Governor Rick Snyder of Michigan
All year round, fishing is great in Michigan, and we're very proud of it.
Governor Snyder recently spent some time fishing on the Detroit River and spoke with the World Fishing Network about his love for the sport and what the state is doing to help preserve our natural resources for future generations.
"We're lucky. I think we have more species of fish than any other place in the country in terms of the different kind of fishing you can do," Governor Snyder said. "Everything from going out on the Great Lakes to get salmon, big salmon, to beyond to the inland lakes and catching bass or walleye or panfishing. And it works well, all seasons -- ice fishing's a big deal in our state. So it's something that we all enjoy, and we're very fortunate."
Though fishing in Michigan is great today, it wasn't always that way, and Governor Snyder says there's more that needs to be done to continue preserving our natural resources.
"We went through some rough times. If you go back several decades ago, we had a lot of pollution issues in the Great Lakes, some major problems there, and it decimated things. And we still have challenges we have to look out for -- the invasives, like Asian carp in the Great Lakes and then there are issues like European milfoil that can clog up some of the inland lakes that we need to deal with. But overall we're doing great fishing in the state.
"We've invested a lot in the Department of Natural Resources in terms of increasing resources, in terms of more research, in terms of more protection.
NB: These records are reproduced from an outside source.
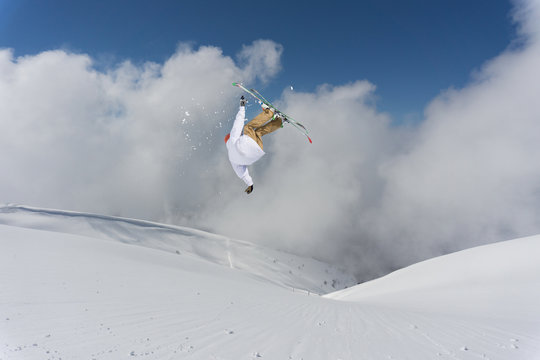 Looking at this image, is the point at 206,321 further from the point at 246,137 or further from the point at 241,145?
the point at 246,137

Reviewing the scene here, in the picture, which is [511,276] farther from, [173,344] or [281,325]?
[173,344]

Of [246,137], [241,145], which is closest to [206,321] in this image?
[241,145]

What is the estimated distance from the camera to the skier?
5.93 metres

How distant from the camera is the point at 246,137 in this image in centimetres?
595

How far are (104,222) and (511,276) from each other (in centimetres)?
6333

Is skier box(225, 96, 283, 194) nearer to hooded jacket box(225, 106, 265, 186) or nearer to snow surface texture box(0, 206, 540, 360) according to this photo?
hooded jacket box(225, 106, 265, 186)

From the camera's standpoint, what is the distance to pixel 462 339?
4.34m

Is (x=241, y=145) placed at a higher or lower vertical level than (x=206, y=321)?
higher

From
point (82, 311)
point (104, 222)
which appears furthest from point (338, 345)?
point (104, 222)

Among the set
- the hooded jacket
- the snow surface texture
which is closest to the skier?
the hooded jacket

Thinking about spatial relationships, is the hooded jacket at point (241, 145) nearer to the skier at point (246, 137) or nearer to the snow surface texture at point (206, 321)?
the skier at point (246, 137)

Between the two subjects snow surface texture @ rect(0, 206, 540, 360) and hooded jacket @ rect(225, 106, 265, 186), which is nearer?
snow surface texture @ rect(0, 206, 540, 360)

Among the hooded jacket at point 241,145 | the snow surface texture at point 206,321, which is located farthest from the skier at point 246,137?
the snow surface texture at point 206,321

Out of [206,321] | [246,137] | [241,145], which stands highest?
[246,137] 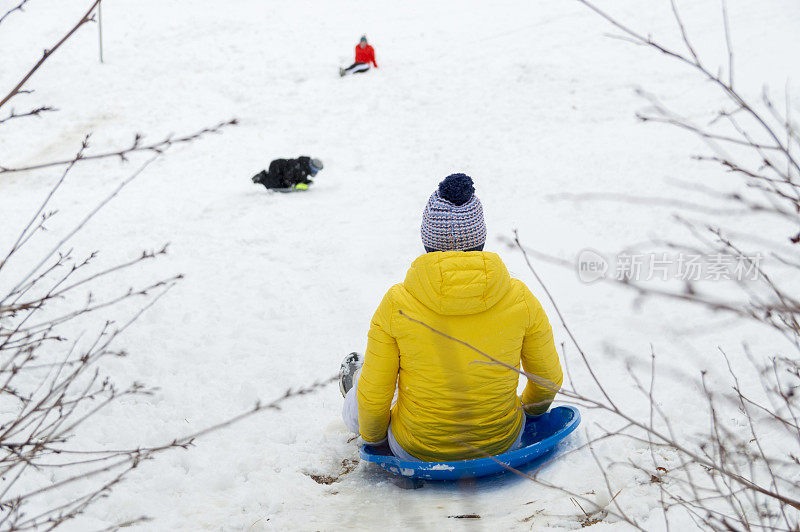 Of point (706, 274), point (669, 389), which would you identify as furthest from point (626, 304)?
point (669, 389)

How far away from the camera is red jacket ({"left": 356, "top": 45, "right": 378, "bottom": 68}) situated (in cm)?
1320

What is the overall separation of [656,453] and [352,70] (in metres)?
11.7

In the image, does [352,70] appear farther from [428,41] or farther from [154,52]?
[154,52]

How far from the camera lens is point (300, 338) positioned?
17.0 feet

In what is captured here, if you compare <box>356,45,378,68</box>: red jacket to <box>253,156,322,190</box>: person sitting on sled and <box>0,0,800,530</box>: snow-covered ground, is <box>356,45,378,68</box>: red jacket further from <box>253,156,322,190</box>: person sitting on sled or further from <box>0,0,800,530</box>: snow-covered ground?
<box>253,156,322,190</box>: person sitting on sled

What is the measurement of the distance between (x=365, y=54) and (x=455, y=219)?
11491 mm

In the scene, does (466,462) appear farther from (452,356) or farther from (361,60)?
(361,60)

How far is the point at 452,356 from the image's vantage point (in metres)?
2.67

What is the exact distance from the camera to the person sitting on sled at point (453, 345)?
2518mm

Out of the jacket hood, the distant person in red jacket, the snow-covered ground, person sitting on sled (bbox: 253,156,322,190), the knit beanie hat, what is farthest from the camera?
the distant person in red jacket

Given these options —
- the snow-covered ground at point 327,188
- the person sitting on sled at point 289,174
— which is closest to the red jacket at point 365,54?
the snow-covered ground at point 327,188

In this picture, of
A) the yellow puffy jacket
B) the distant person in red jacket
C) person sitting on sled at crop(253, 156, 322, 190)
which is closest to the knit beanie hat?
the yellow puffy jacket

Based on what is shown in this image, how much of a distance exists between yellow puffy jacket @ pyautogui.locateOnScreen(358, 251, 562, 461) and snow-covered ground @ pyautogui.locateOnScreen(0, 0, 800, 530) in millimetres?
281

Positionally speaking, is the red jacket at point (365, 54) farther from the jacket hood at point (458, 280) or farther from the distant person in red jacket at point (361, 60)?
the jacket hood at point (458, 280) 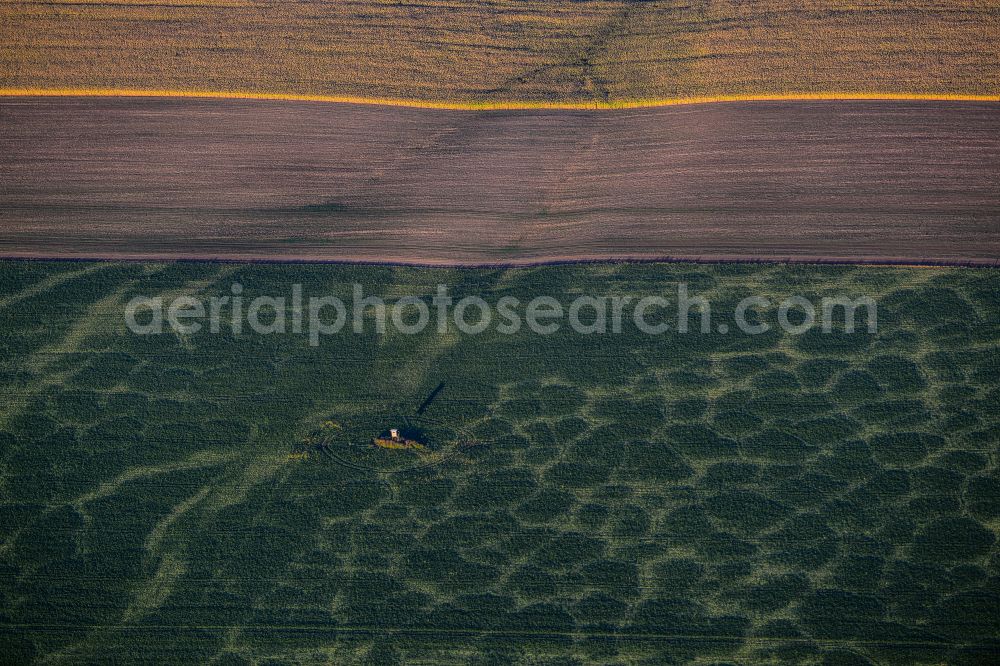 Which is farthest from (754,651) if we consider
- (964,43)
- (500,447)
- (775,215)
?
(964,43)

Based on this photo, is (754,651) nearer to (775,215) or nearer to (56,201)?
(775,215)

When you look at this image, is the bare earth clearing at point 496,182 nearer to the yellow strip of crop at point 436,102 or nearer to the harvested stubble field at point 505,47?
the yellow strip of crop at point 436,102

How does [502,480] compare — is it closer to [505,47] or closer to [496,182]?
Answer: [496,182]

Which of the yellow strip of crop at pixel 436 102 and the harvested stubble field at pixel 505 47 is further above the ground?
the harvested stubble field at pixel 505 47

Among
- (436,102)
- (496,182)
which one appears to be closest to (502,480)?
(496,182)

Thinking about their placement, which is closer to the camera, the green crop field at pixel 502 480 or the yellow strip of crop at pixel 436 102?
the green crop field at pixel 502 480

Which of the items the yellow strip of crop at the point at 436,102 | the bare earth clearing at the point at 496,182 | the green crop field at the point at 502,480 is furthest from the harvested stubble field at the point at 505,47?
the green crop field at the point at 502,480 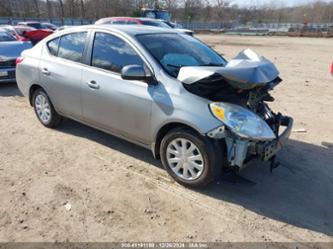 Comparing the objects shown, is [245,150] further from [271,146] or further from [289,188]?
[289,188]

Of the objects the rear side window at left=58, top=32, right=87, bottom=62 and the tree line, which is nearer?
the rear side window at left=58, top=32, right=87, bottom=62

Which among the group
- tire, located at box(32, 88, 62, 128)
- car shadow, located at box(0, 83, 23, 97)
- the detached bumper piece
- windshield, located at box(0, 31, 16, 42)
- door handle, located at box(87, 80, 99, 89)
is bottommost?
car shadow, located at box(0, 83, 23, 97)

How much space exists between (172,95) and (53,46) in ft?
8.38

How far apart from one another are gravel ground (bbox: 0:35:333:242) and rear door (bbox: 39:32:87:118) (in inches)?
24.2

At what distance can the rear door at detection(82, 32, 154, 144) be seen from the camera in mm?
3615

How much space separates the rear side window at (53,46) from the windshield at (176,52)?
5.48 ft

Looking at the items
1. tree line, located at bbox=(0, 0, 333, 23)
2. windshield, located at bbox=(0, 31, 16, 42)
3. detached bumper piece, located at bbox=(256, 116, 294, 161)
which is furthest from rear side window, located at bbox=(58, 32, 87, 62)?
tree line, located at bbox=(0, 0, 333, 23)

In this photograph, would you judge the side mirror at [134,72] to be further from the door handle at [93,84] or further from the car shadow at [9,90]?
the car shadow at [9,90]

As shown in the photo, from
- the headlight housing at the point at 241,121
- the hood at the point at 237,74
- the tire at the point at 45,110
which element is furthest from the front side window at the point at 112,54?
the tire at the point at 45,110

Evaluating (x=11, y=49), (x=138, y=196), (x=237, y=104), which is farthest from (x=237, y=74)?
(x=11, y=49)

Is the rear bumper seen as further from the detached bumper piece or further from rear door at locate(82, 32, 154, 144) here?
the detached bumper piece

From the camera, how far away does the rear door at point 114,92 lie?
11.9 ft

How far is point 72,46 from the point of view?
4.44 metres

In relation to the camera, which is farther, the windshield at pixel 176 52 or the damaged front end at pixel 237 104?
the windshield at pixel 176 52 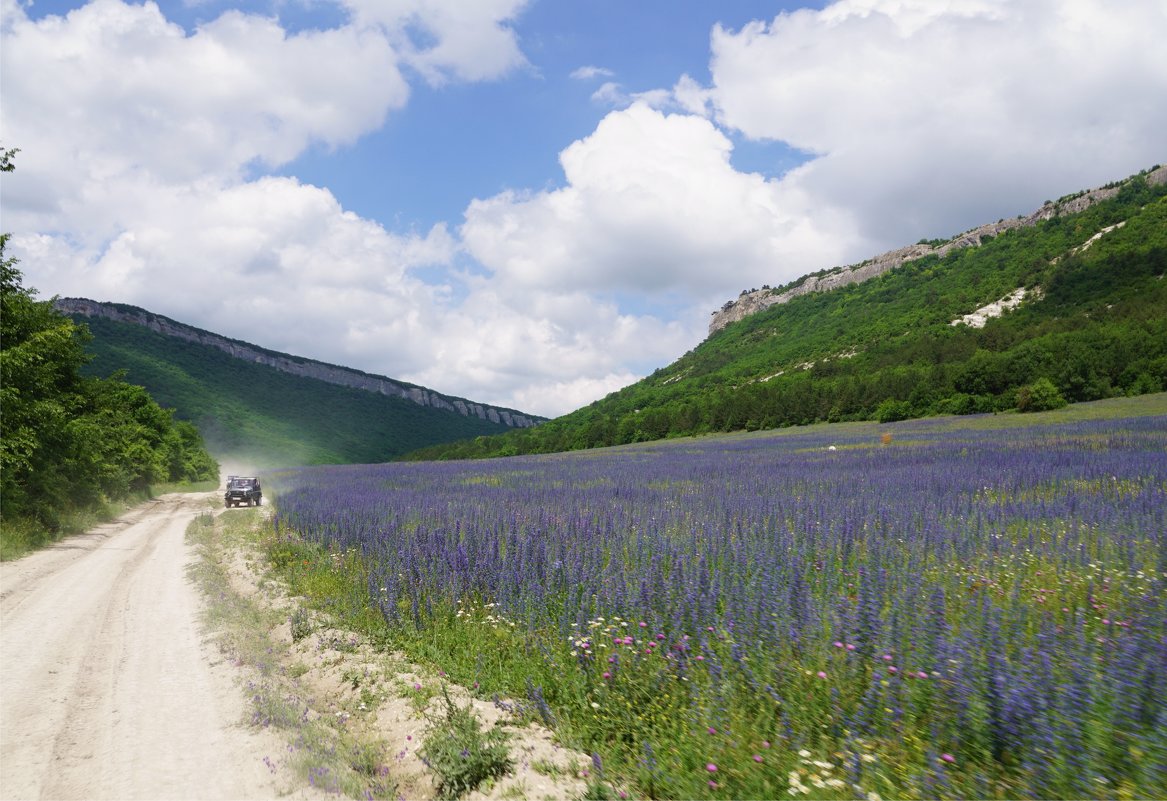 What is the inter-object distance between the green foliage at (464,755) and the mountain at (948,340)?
141ft

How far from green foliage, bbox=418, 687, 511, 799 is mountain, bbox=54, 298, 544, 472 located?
257 ft

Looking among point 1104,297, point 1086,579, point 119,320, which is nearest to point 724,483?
point 1086,579

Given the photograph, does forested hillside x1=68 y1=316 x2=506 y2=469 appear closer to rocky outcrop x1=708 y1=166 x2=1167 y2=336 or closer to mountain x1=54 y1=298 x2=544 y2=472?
mountain x1=54 y1=298 x2=544 y2=472

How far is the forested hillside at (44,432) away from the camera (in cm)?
1309

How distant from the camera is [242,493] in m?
24.0

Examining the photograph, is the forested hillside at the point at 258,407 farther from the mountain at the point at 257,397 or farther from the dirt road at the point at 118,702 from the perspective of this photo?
the dirt road at the point at 118,702

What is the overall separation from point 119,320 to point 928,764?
516ft

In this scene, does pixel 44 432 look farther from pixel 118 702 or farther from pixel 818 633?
pixel 818 633

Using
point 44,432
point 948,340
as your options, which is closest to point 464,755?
point 44,432

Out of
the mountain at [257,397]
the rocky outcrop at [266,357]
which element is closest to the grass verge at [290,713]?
the mountain at [257,397]

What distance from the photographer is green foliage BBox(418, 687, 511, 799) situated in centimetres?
339

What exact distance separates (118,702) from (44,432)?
14.8m

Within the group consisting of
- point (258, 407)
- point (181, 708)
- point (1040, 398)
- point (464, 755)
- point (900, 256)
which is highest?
point (900, 256)

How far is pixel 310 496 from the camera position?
718 inches
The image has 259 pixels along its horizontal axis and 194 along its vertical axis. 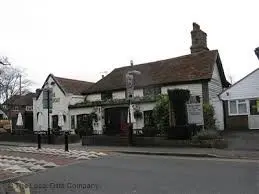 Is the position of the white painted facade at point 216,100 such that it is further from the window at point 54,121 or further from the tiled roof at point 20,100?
the tiled roof at point 20,100

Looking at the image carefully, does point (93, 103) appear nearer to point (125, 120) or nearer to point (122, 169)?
point (125, 120)

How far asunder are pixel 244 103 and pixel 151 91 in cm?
798

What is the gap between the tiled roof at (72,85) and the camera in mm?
42688

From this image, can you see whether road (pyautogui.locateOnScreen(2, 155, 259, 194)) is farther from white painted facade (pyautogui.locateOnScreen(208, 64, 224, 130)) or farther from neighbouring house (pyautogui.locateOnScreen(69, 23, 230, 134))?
white painted facade (pyautogui.locateOnScreen(208, 64, 224, 130))

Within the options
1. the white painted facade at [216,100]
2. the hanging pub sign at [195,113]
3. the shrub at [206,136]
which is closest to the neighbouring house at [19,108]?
the white painted facade at [216,100]

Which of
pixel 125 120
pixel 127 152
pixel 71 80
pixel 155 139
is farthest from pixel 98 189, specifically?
pixel 71 80

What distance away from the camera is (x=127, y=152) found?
21781 millimetres

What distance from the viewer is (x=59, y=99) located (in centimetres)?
4250

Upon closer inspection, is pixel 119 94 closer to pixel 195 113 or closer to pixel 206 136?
pixel 195 113

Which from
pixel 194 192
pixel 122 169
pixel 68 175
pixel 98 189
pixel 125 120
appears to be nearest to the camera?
pixel 194 192

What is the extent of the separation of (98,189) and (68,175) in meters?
3.02

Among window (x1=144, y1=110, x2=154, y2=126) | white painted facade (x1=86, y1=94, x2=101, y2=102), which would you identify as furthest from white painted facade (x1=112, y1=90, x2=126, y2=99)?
window (x1=144, y1=110, x2=154, y2=126)

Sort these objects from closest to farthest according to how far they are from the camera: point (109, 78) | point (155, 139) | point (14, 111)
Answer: point (155, 139) < point (109, 78) < point (14, 111)

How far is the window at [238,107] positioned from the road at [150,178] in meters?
18.2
We've added a lot of conservation officers that are there to help the public, and we've planted a lot of fish, doing a lot of good things --- both at the inland lake level and at the Council of Great Lakes Governors."
Governor Snyder says that investing more in Michigan's environment is key to ensuring a strong economy.
"If you want to have a strong economy, people want to have a great quality of life, and one of the things that people really enjoy is fishing. So people want to live in a place where they can go fish. If you want that, you have to invest in your environment."